Susurradas en leve brisa marina, como si de una letanía antigua se tratase, las palabras que narran sucesos se pierden; se van, se escapan.

Mecidas por el movimiento del agua, las verdades desaparecen; se alejan, se hunden.

Así es como los terribles sucesos gozan de margen para evitar que se arrojen luces sobre ellos, aprovechando el tiempo a su favor; creando un halo de falsa información, o creencias, o suposiciones. Así es como el malhechor vira todo a su favor, ocultando sus maldades e intrínsecos ardides hasta el momento final, aquel en que las esperanzas se desvanecen, las informaciones dejan de dudarse y sopesarse y las verdades lo son, solamente, a medias. Aquel instante en que el conocimiento llega pero las preguntas asedian, donde las creencias se tornan fútiles y malvenidas, donde el rechazo a la negada certeza se convierte en un motor que nos lleva a nuestra propia tumba estando aún en vida.
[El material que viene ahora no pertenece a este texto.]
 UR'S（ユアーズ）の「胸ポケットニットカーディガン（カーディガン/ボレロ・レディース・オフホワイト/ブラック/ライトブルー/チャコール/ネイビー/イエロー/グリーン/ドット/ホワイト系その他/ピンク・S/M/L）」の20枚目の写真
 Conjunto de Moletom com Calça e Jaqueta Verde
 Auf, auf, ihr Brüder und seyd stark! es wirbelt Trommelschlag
Aceptar que alguien a quien alguna vez quisimos nos arrebata a quien queremos, es duro y destructor, aunque no más que el propio hecho y esa irremediable separación que nos arrastra a una despedida que jamás quisimos que llegase; rechazada por todos, pero sobre todo por todas.
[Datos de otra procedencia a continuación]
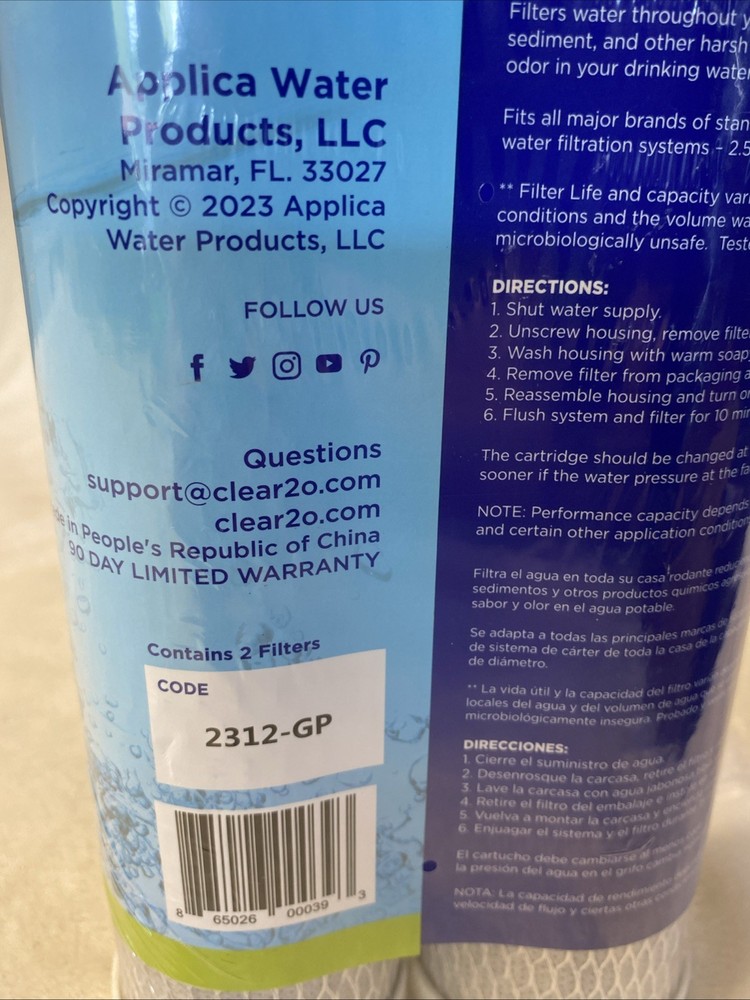 Clear 2O RV ADVANCED 5 MICRON CARBON FILTER CT01102. UNIVERSAL CAPACITY
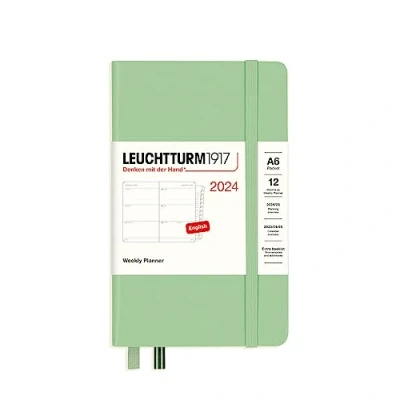 Afbeelding van LEUCHTTURM1917 367634 weekkalender Pocket (A6) 2024, 12 maanden, salie, Engels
¿Cómo recuperarse de algo así? ¿Cómo seguir adelante tras semejante horror? Creer en alguien en quien no se debe es, sin duda, un error. Tristemente, no podemos saber cuál será el Monstruo que nos destruirá, cuál será el negro terror que nos acechará o cuándo actuará. Imposible es saber en qué momento debemos convertirnos nosotras en monstruos con afán de defender a quienes queremos, a quienes hemos dado la vida empleando un pedacito de la nuestra propia. ¡Ojalá fuese fácil de saber! Todo sería más sencillo, ¿verdad? Podríamos alzar muros, crear barricadas, desatar tormentas... Todo con el único y puro interés de salvaguardar esas vidas que conforman las nuestras. Pero no podemos, esa es nuestra tara; somos incapaces de distinguir dónde habita un Monstruo dormido, latente, uno de aquellos que hibernan y, mientras, aguardan al momento clave para darnos la estocada final. Porque, sí, esa es la última; la más dolorosa, más que la propia muerte.

¡Si tan solo pudiésemos regresar al momento en que la primera señal se lanzó al cielo para regresar a ese momento e impedir que el monstruo comenzase a desempeñar su artimaña!

Si pudiésemos, habría menos Ruths y Josés, menos Gabrieles y, también, menos Olivias y Annas. Menos ángeles en algún lugar que no es donde deberían estar. Menos almas arrebatadas para torturar a otras, pues esa es la realidad de todo eso: esos Monstruos quieren dañar a quien ya no les mira con devoción, a quien ya no les quiere y no les lleva en el corazón.

Son tan cobardes que no pueden aceptar que han perdido el lugar tenido con anterioridad y se agarran a una única vía de satisfacción: dañar por medio de otros en lugar de hacerlo directamente.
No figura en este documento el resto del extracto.